You make a good point about the sounds of these words, which also evoke the things themselves. I love that a single word can do all of that immediately.

These two poems belong to a larger body of work called Lost Lexicon, in which every title is a “nature” word that was deleted from a popular children's dictionary when editors made room for new technology words. In total, I've written about 70 poems as a way of salvaging this lexicon of the natural world and giving space and voice to the beings and places they represent. In many cases, I decided that the flower or bird or plant itself would speak, as with “Crocus,” which provided an opportunity to explore the uses of persona. But in general, I tend to find my titles in the language of the poems themselves— or in fragments I cut during revision.

The images of “Starling” build a connection to place. How do you approach writing a setting? Do you often write about where you are at that moment?

I'm influenced by the haiku practice of capturing the “now moment,” and write with my senses as much as anything else. Deliberate observation lies at the heart of my practice. “Starling” is a little different because I imagined it rather than experiencing it, although I was inspired by my correspondence with a friend in Marfa, Texas. I started looking at photographs of the area, which soon reminded me of a road trip I took to that part of the country after high school, and all of these elements came together to give me a setting. That said, it came out more or less whole cloth, and I attribute this to a mood. It was an almost dream-state, when I wrote it. I can revise forever, but this version looks so close to the first draft. I can only think of one thing I cut. A line toward the end: We walk into it.

Brevity is key in these poems, particularly “Crocus.” When do you know it’s time to end a line? End the poem?

For the last few years, I've been experimenting with setting type in a letterpress, which forces you to reckon with every word and piece of punctuation in a way that I've found revelatory. It also prompts new thinking about the role that layout and design play in the overall experience of a poem on the page. I'm interested in writing super condensed poems with the goal of achieving some kind of immediacy, as well as a “continuance of ripple,” to use Jane Hirshfield's phrase, and brevity seems the best vehicle for that. Our world is noisy and overwhelming. My poems are experiments in compelling a reader's attention and holding it for a moment before they turn away or resist the poem. I'm also interested in what happens when a poem is short enough that you remember it without any extra effort. Some of the poems in Lost Lexicon have only two lines. They're composed with a heightened awareness of silence, or the white space of the page.

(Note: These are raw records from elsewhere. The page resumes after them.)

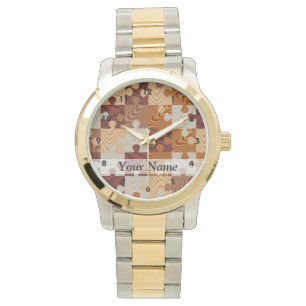Wooden jigsaw puzzle watch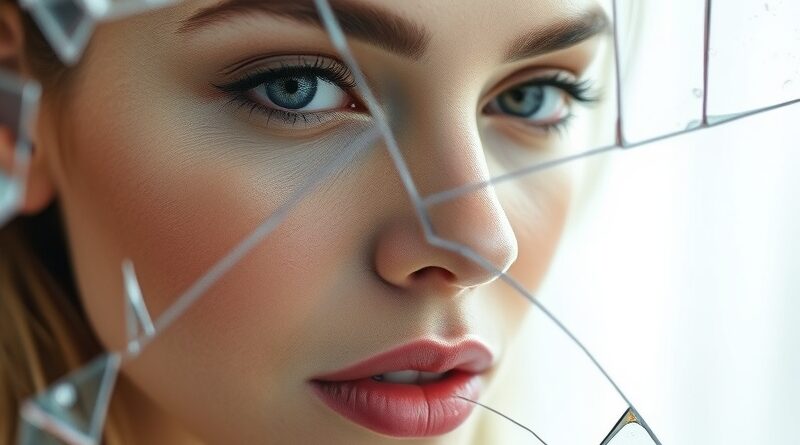 Rozbite lustro odbija kobietę: cyfrowy makijaż kontra naturalna twarz. Granica rzeczywistości i wirtualności.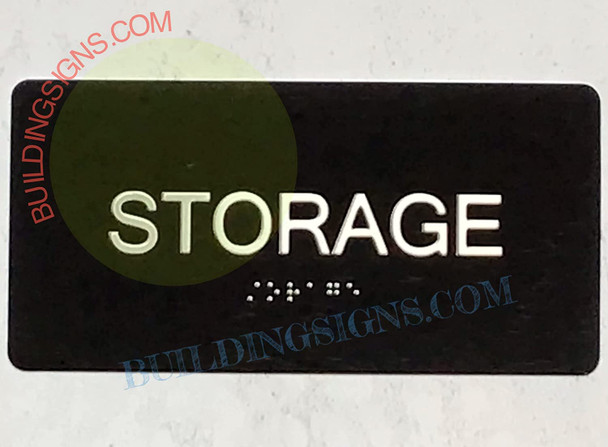 STORAGE SIGN Tactile Touch Braille Sign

What and/or who are your writing obsessions at the moment?

My favorite poetry reading experience of the past year was Alice Oswald's Memorial: A Version of Homer's Iliad. I don't usually gravitate toward epic poetry, or even long poems, but this book seduced me from page one. In its introduction, Oswald explains that she translated “the Iliad's atmosphere, not its story” in an attempt to retrieve what ancient critics called its enargeia, or “bright unbearable reality.” Her use of repetition and simile and the vividness of the description put me into such a beautiful trance and did cool things for my own writing, as well. I admire that book so much.